La reprise des cours a lieu le 1er octobre 1940. L'ouverture des écoles était proclamée après les avoir adaptées au système scolaire allemand. Il y aura des « Volksschulen » et un lent travail d'endoctrinement commence. Un profond changement parmi le personnel enseignant était envisagé. Au début, Louis GUGUMUS continuait à enseigner. Par la suite, il devait se recycler pendant trois mois dans le pays de Bade à Heidelberg et en Forêt Noire où les instituteurs formés dans le système français effectuaient des stages afin de se familiariser avec le système allemand. Puis il revint à Valff et restait maître d'école pendant toute la durée de l'occupation. Charles GRUBER subissait le même sort et était en « Umschulung » à Mergen avant d'être incorporé pour faire la guerre sur plusieurs fronts.
Les religieuses congréganistes n'étaient plus autorisées à enseigner, à moins d'abandonner leur condition de religieuse. Quant à nos soeurs enseignantes Edouarda et Nicodéma, elles ont été mises hors fonctions à partir du 1er août 1940. Soeur Edouarda se retire, vu son âge, au couvent de Ribeauvillé et soeur Nicodéma part le 18 août 1941 à Westhouse, son village natal. Les soeurs étaient privées du droit à la pension. Le logement des soeurs était alors occupé par la famille GRUBER. Le remplacement des instituteurs en stage et des soeurs était assuré par des enseignants allemands venant du pays de Bade, notamment Messieurs KRETZ, WOLFF et LAULE. Monsieur KRETZ habitait chez Antoine STAUB, Monsieur WOLFF logeait chez Auguste LUTZ et Monsieur LAULE habitait d'abord, seul, dans le petit logement de l'école des filles. Au moment où sa femme et son enfant handicapé l'ont rejoint, il s'installe au n°65 de la rue Thomas.
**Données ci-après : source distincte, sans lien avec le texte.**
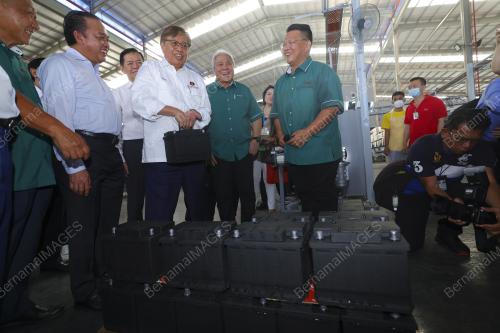 TAN SRI ABANG JOHARI TUN OPENG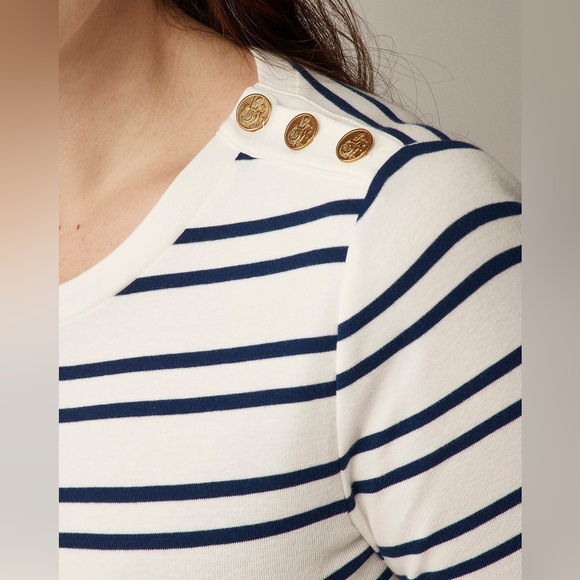 NWT J.Crew Perfect-fit Long Sleeve Crewneck With Lion Buttons - Picture 2 of 5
L'ordonnance sur l'obligation scolaire parait le 11 juin 1941. L'Alsace est soumise à l'obligation générale scolaire. Pour nous, écoliers de 10 ans, ce changement était difficile. La prière avant et après la classe est remplacée par un chant patriotique. Deux fois par semaine, Monsieur le Curé Bernard venait assurer des cours de religion, pour nous apprendre les prières, les chants, le catéchisme et l'histoire sainte en allemand. Nous devions le saluer par un « Gelobt sei Jesus Christus », même dans la rue quand nous passions à coté de lui. Avec la rentrée des classes en octobre 1940, celles-ci sont devenues mixtes. Il fallait apprendre à écrire en caractères gothiques « Sütterlin ». Cette écriture fut remplacée par l'écriture ordinaire en avril 1942. Pas facile !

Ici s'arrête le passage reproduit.